--- Problem description ---
Retype the records below exactly as they appear, but leave out any pictures.

--- Data under study ---
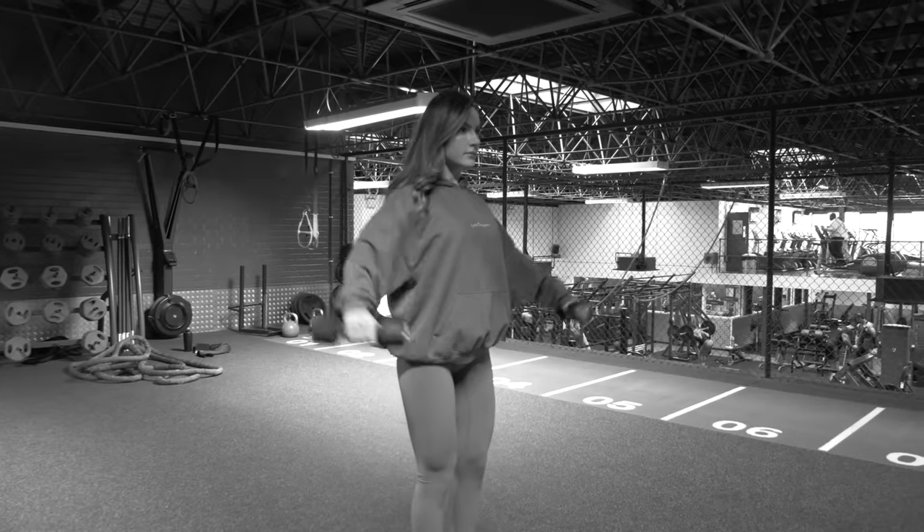I'm going to grab two dumbbells — super light — some front raises, some side raises, military press, rotator cuffs, some band work. When I talk about band work, grab a long one and do some shoulder dislocations — super simple, super easy. Five minutes tops warming up the shoulders, and then getting into our session.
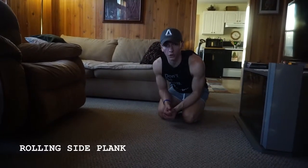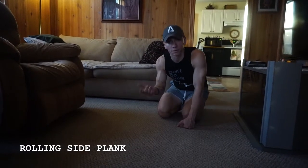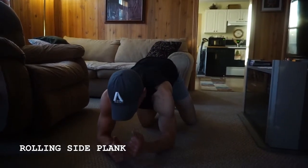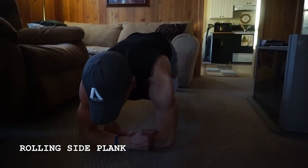Alright guys, when it comes to the rolling side plank it's pretty much what it sounds like — you're going to be rotating from side to side, going from side plank to side plank. As you set up, instead of having your arms normally like this, which you would for a normal low plank, you're going to want to almost stack them.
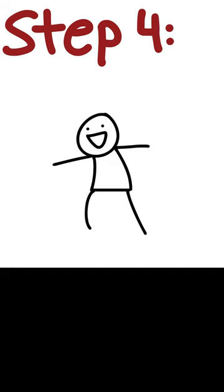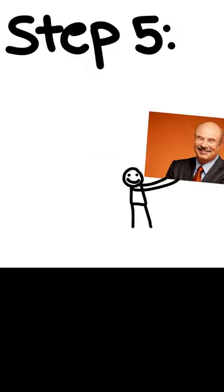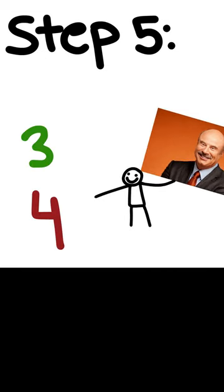Step four: once you start feeling bone pain, stretch the part that hurts. Step five: go to the doctor after repeating steps three and four for three whole weeks.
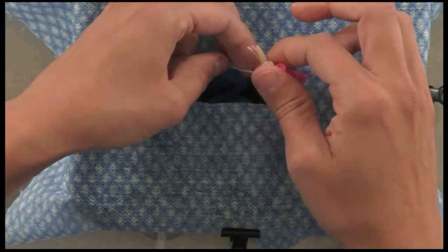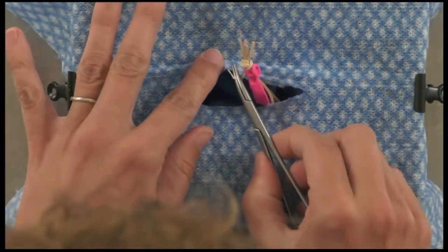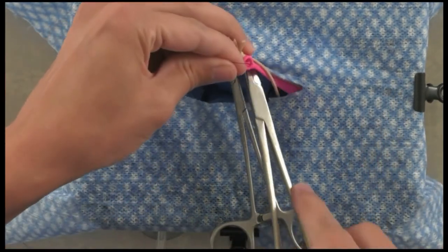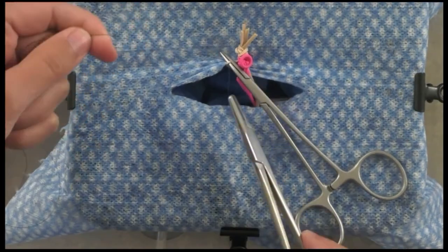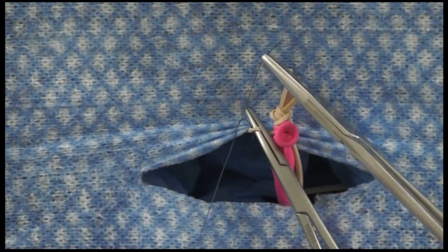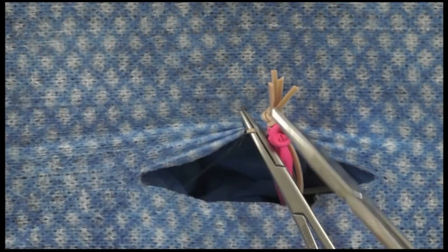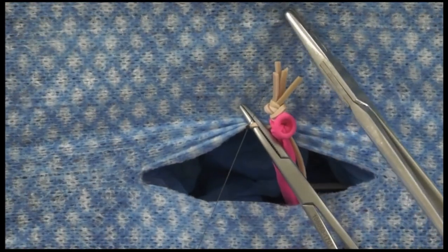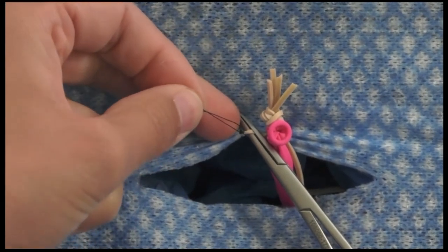The next rubber band going down — which should be kind of loose — represents the ovarian vessels. Use a hemostat or chip clip to clamp across there, then apply two ligatures. For a cat spay, two circumferential ligatures are sufficient. Remember to throw at least four throws creating two knots, then cut your suture ends leaving at least three millimeters — though more is generally preferred.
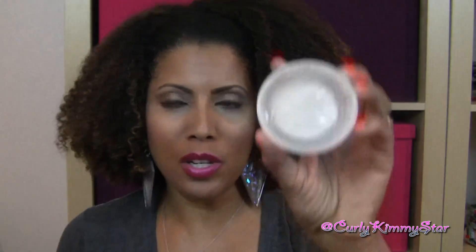So this gel was actually sent to me by NaturallyCody.com, but this is my own and honest opinion and I was not paid to do this review. So here it is, here's what it looks like.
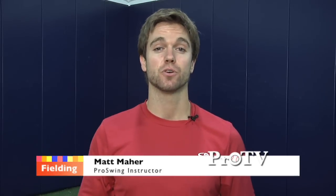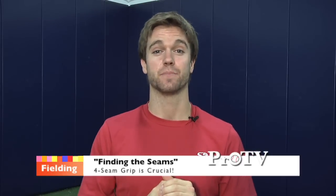What's up guys? Matty Maher coming to you from Pro Swing at Port Chester. I know you're probably thinking, were you just having a catch with yourself? I was doing a drill called finding the seams, and that's what this week's edition of Pro Swing's tip of the week is all about — finding the seams.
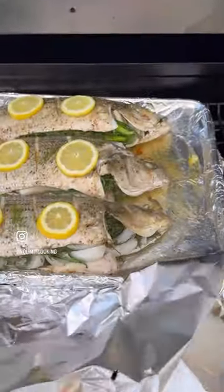Wrap the fish in foil and roast at 375 degrees in the grill or oven for 35 minutes, or until the fish reaches 135 degrees.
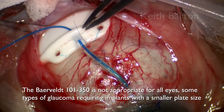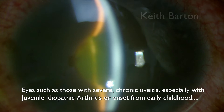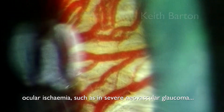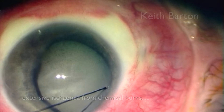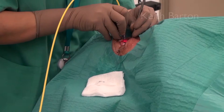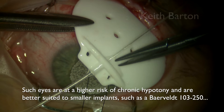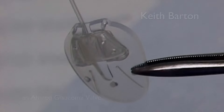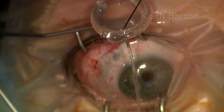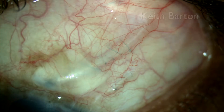The Baerveldt 101-350 is not appropriate for all eyes. Some types of glaucoma require implants with a smaller plate size — eyes such as those with severe chronic uveitis, especially with juvenile idiopathic arthritis, ocular ischemia such as severe neovascular glaucoma, extensive ischemia from chemical burns, or eyes that have undergone extensive or multiple CPCs. Such eyes are at a higher risk of chronic hypotony and are better suited to smaller implants such as the Baerveldt 250 or an Ahmed glaucoma valve, or even in cases of very severe JIA or other cases at high risk of chronic hypotony, a single-plate Molteno implant.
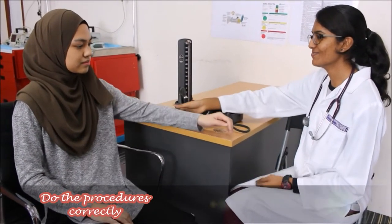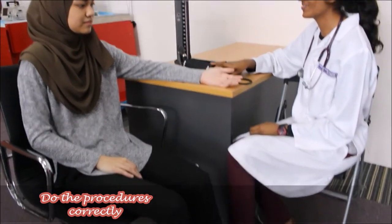To begin, place the patient's forearm on the table with the palm facing upward. Make sure both feet are placed flat on the floor.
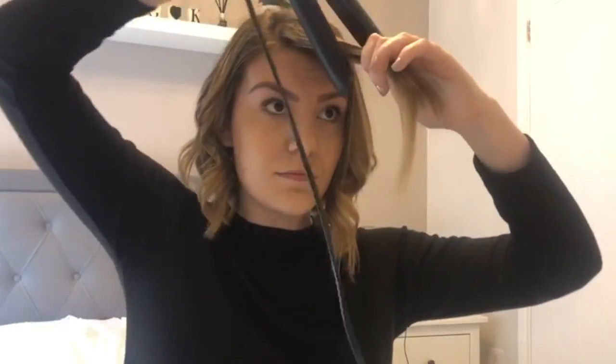Number one, get your hair styler facing downwards, place into the hair, twist away and push.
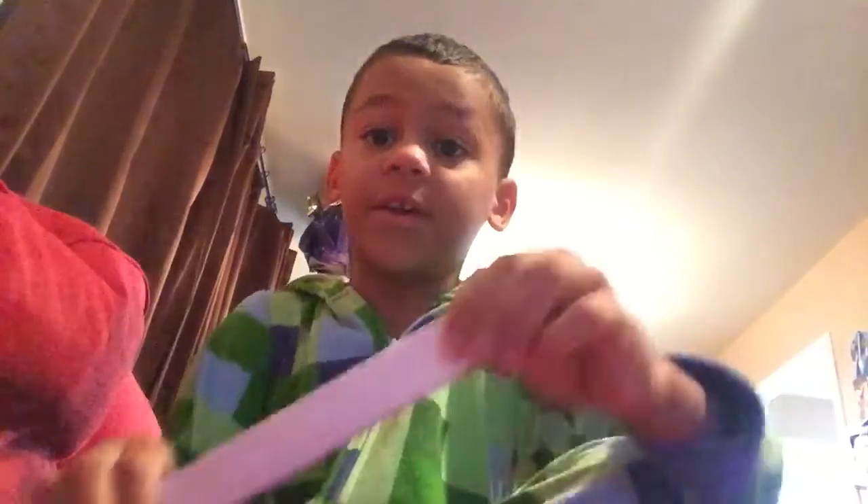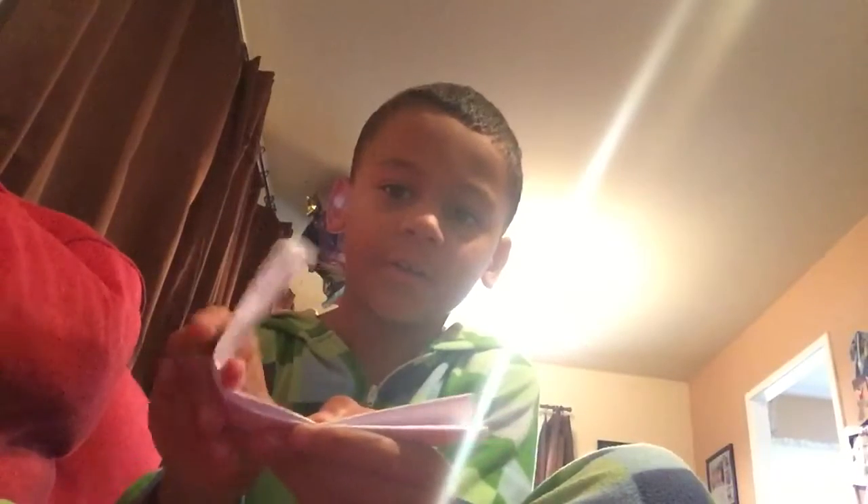Fold it like this, and now you're ready to move on. Now you take this edge and you fold it over to here, so it's like that. And now you fold this excess — fold this excess like that. And now you're ready to move on.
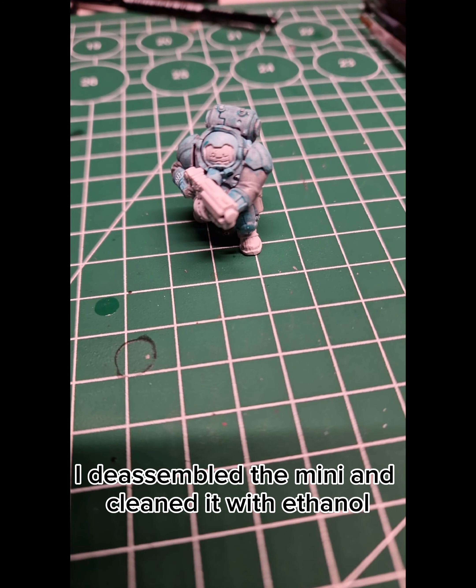In the next step, I blocked in all the metals and all the textiles with Black Legion contrast, and in some places I used a smaller brush to avoid the white armor. Now it was time to use some True Metallic Metal, and for that I used Vallejo Gun Metal. I also applied Griffon Charger Orange to the orange parts of the armor.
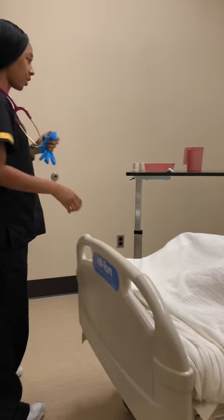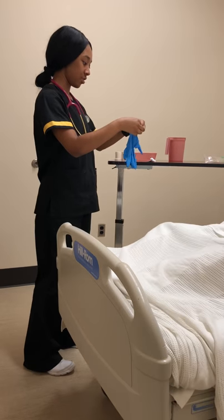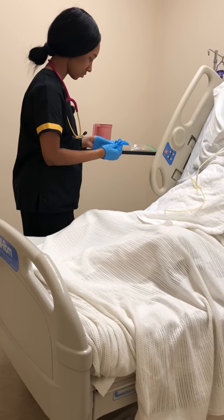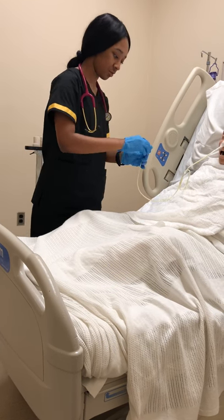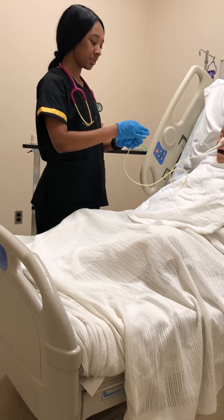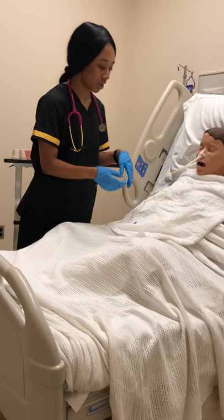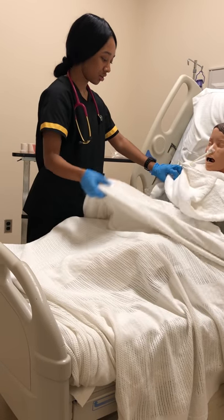Hi Ms. Johnson, x-ray did confirm the placement of your NG tube, so we're just going to start your feeding. But before I do that, I'm going to remove the wire from your tube. Okay, I'm going to remove the wire and then I will start your feeding. And then after the feeding, the doctor has ordered the removal of the tube, so I'm just going to start that by checking the bowel sounds of the patient.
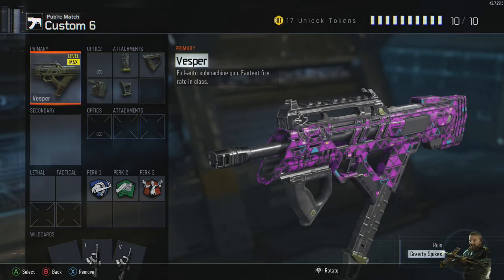Hey, what's going on guys? It's GamerPlays2110 here, and this is my first ever YouTube video on Call of Duty Black Ops 3. It's a best class setup in my opinion for the Vespa submachine gun.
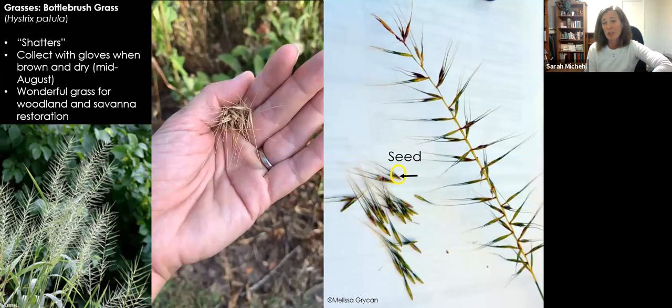Bottle brush grass is starting to dry — even three weeks ago you were able to collect it. This is a great grass for woodland and oak savannah restorations; it comes up right away. It's an expensive grass to purchase seed for, so I get a little nursery of these going up around my house to collect seeds for use in my larger woodland restoration. I live in a suburban Chicagoland neighborhood on a one-acre lot, so the stuff I'm doing here is applicable to all different situations.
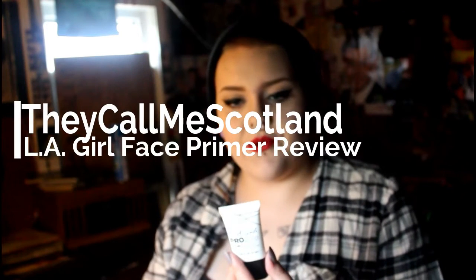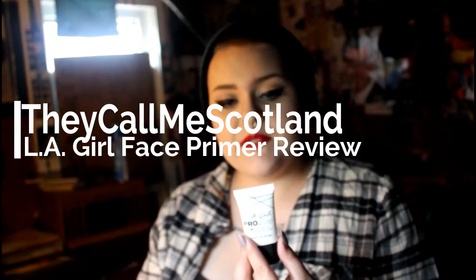Today I'm going to be talking about a brand new drugstore primer — I got it a few weeks ago and wanted to try it out before reviewing it. That is the LA Girl Pro Prep HD Smoothing Face Primer. What this claims to do is help smooth and fill in fine lines and pores, and it's paraben and fragrance free, enriched with vitamin E.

--- Response to this task ---
I'm going to grab two dumbbells — super light — some front raises, some side raises, military press, rotator cuffs, some band work. When I talk about band work, grab a long one and do some shoulder dislocations — super simple, super easy. Five minutes tops warming up the shoulders, and then getting into our session.
Alright guys, when it comes to the rolling side plank it's pretty much what it sounds like — you're going to be rotating from side to side, going from side plank to side plank. As you set up, instead of having your arms normally like this, which you would for a normal low plank, you're going to want to almost stack them.
Step four: once you start feeling bone pain, stretch the part that hurts. Step five: go to the doctor after repeating steps three and four for three whole weeks.
The next rubber band going down — which should be kind of loose — represents the ovarian vessels. Use a hemostat or chip clip to clamp across there, then apply two ligatures. For a cat spay, two circumferential ligatures are sufficient. Remember to throw at least four throws creating two knots, then cut your suture ends leaving at least three millimeters — though more is generally preferred.
So this gel was actually sent to me by NaturallyCody.com, but this is my own and honest opinion and I was not paid to do this review. So here it is, here's what it looks like.
What's up guys? Matty Maher coming to you from Pro Swing at Port Chester. I know you're probably thinking, were you just having a catch with yourself? I was doing a drill called finding the seams, and that's what this week's edition of Pro Swing's tip of the week is all about — finding the seams.
Wrap the fish in foil and roast at 375 degrees in the grill or oven for 35 minutes, or until the fish reaches 135 degrees.
The Baerveldt 101-350 is not appropriate for all eyes. Some types of glaucoma require implants with a smaller plate size — eyes such as those with severe chronic uveitis, especially with juvenile idiopathic arthritis, ocular ischemia such as severe neovascular glaucoma, extensive ischemia from chemical burns, or eyes that have undergone extensive or multiple CPCs. Such eyes are at a higher risk of chronic hypotony and are better suited to smaller implants such as the Baerveldt 250 or an Ahmed glaucoma valve, or even in cases of very severe JIA or other cases at high risk of chronic hypotony, a single-plate Molteno implant.
To begin, place the patient's forearm on the table with the palm facing upward. Make sure both feet are placed flat on the floor.
Number one, get your hair styler facing downwards, place into the hair, twist away and push.
Fold it like this, and now you're ready to move on. Now you take this edge and you fold it over to here, so it's like that. And now you fold this excess — fold this excess like that. And now you're ready to move on.
In the next step, I blocked in all the metals and all the textiles with Black Legion contrast, and in some places I used a smaller brush to avoid the white armor. Now it was time to use some True Metallic Metal, and for that I used Vallejo Gun Metal. I also applied Griffon Charger Orange to the orange parts of the armor.
Hi Ms. Johnson, x-ray did confirm the placement of your NG tube, so we're just going to start your feeding. But before I do that, I'm going to remove the wire from your tube. Okay, I'm going to remove the wire and then I will start your feeding. And then after the feeding, the doctor has ordered the removal of the tube, so I'm just going to start that by checking the bowel sounds of the patient.
Hey, what's going on guys? It's GamerPlays2110 here, and this is my first ever YouTube video on Call of Duty Black Ops 3. It's a best class setup in my opinion for the Vespa submachine gun.
Bottle brush grass is starting to dry — even three weeks ago you were able to collect it. This is a great grass for woodland and oak savannah restorations; it comes up right away. It's an expensive grass to purchase seed for, so I get a little nursery of these going up around my house to collect seeds for use in my larger woodland restoration. I live in a suburban Chicagoland neighborhood on a one-acre lot, so the stuff I'm doing here is applicable to all different situations.
Today I'm going to be talking about a brand new drugstore primer — I got it a few weeks ago and wanted to try it out before reviewing it. That is the LA Girl Pro Prep HD Smoothing Face Primer. What this claims to do is help smooth and fill in fine lines and pores, and it's paraben and fragrance free, enriched with vitamin E.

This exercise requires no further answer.